The Treasury Department determined the relief money could be used to invest in water, sewer, broadband infrastructure and housing relocation assistance, as well as improve access to clean drinking water and support storm and wastewater infrastructure. It also instructed administrators that funds should be used to “aid the communities and populations hardest hit by the crisis.”

Mississippi received the first half of the $1.8 billion in SLFRF funds in May 2021 but failed to allocate any money for almost a year. In early 2022, the state Legislature allocated $400 million for water and sewer projects to the Mississippi Department of Environmental Quality (MDEQ) and $50 million to match assistance for those cities receiving less than $1 million in SLFRF funds.

Then, in April 2022, Gov. Tate Reeves signed Mississippi Senate Bill 2822 into law.
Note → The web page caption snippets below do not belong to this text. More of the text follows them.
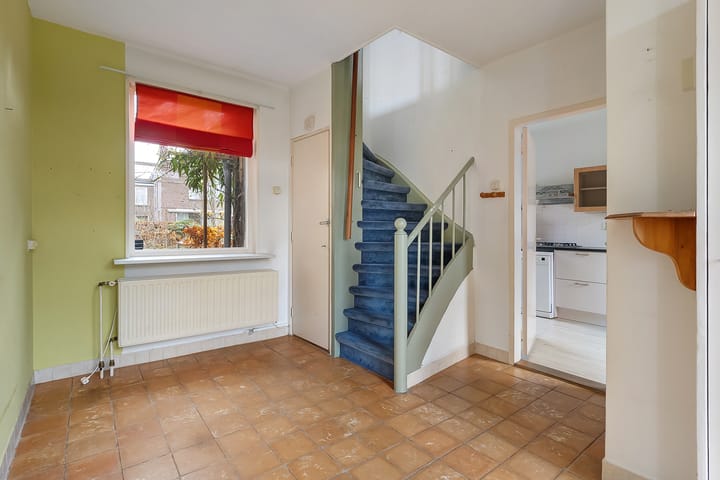 Foto 11 van Grasdorpstraat 7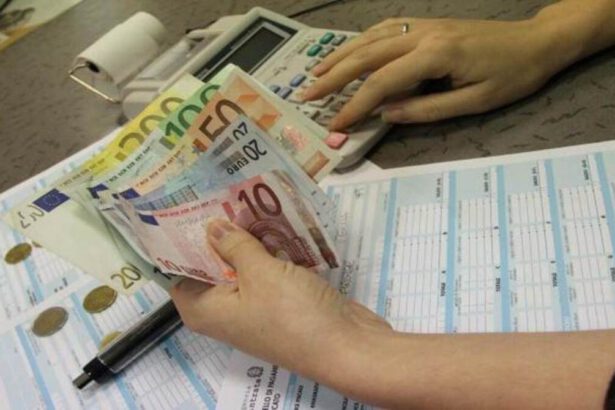 Riforma fiscale, le novità da Irpef a Flat Tax: tutte le proposte dei partiti 19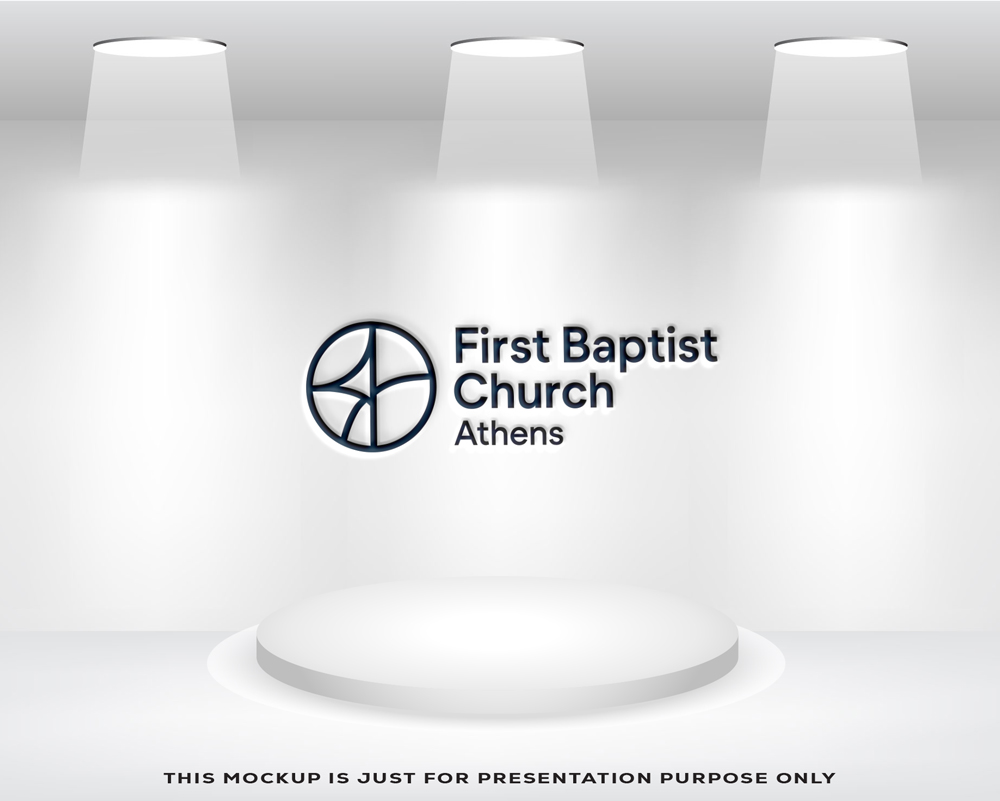 Logo Design by Muina for this project | Design #35635648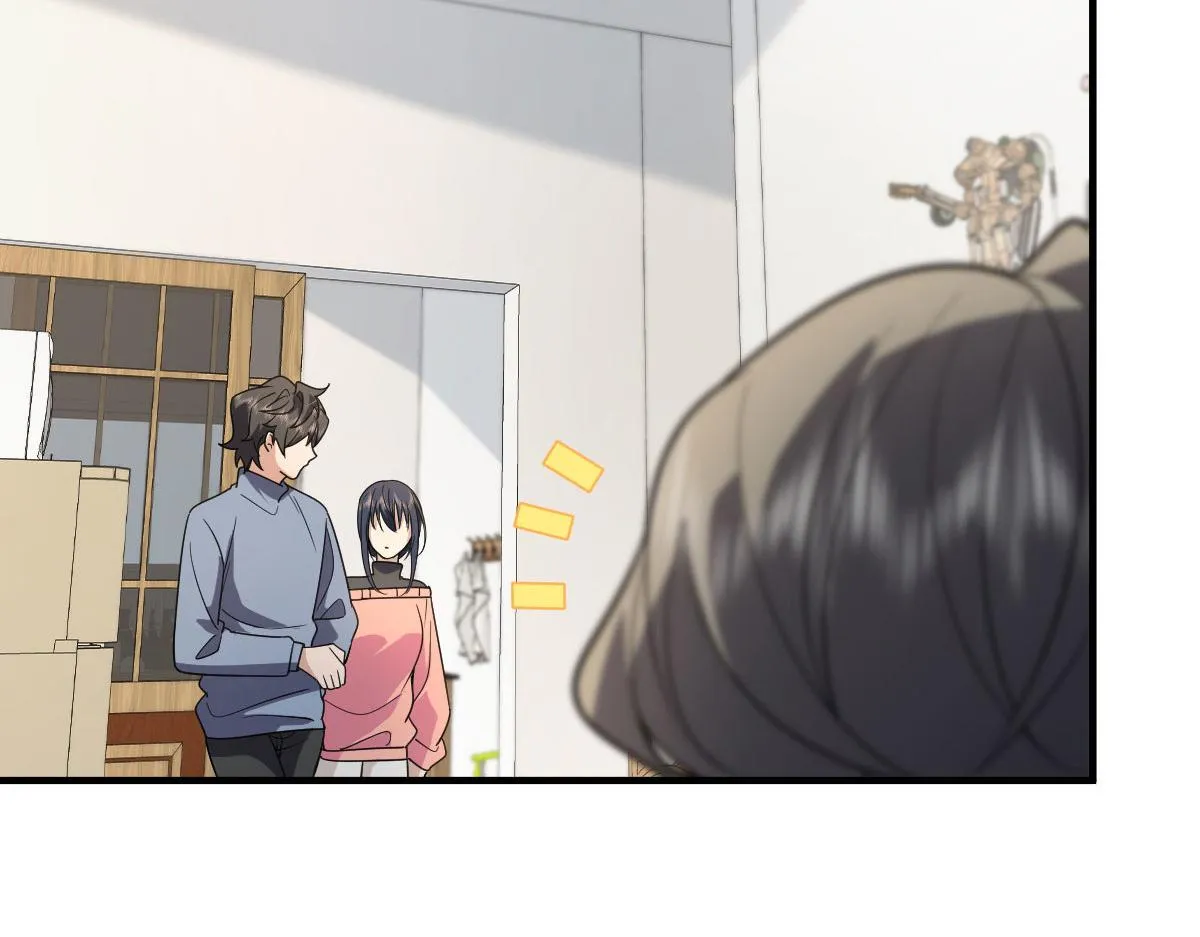 88 第89页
This created the Mississippi Municipality and County Water Infrastructure (MCWI) grant-matching program to disperse the $450 million in funding for the state’s water projects.

But instead of getting funding moving for the state’s largest city, the law limited Jackson’s ability to secure much-needed money.

Larger cities, like Jackson, could apply for funding under the program with a one-to-one match using the money they received directly under ARPA, while smaller municipalities that received less than $1 million could request two-to-one matching.

Jackson requested funds during the first round of MCWI applications. But in the second round — when 76% of applicants submitted — the matching requirement was waived. First-round recipients were barred from applying for additional funding in the second round.

The SPLC suit maintains that the MCWI program implemented a scoring system to rank eligible applications and award funding that failed to take into proper consideration the extreme and longstanding vulnerability of Jackson’s water infrastructure.

Of the scoring system’s 100 points, a maximum of 15 points could be gained based on a municipality’s lack of access to clean water. Yet up to 24 points could be awarded to projects that were underway or would begin in six months and could be completed by Dec. 31, 2026.

Some of the work on Jackson’s system could take more than a decade to complete.

Additionally, analysis of median income and the unemployment rates of people in an applicant municipality’s service area determined nearly a quarter of awardees’ points. This meant that projects in other parts of the state could gain twice as many points in one category if the median income in that area was slightly lower than Jackson’s, even if the area already had access to clean and reliable drinking water.

“Jackson’s struggle reveals an uncomfortable truth,” Clanton said. “That in America, the most essential elements of human dignity — clean water, functioning infrastructure, and self-determination — remain privileges rather than rights for too many communities of color.”

Decades on, still waiting

MDEQ awarded Jackson $35.6 million in SLFRF money for water projects on Nov. 4, 2022. Then, in April 2023, the Mississippi Legislature passed a bill that removed from the grant matching program the scoring requirements used to evaluate the city. That bill, Mississippi SB 2444, would provide an additional $41 million to fully fund all applications submitted during the second and final round of applications.Again, those that applied in the first round were blocked from applying for additional funds.

Jackson’s need is significant. No other Mississippi city’s water system demands billions of dollars in repairs. Yet its calls for aid have gone largely unanswered. Meanwhile, the state has also thwarted the city’s own attempts to raise money.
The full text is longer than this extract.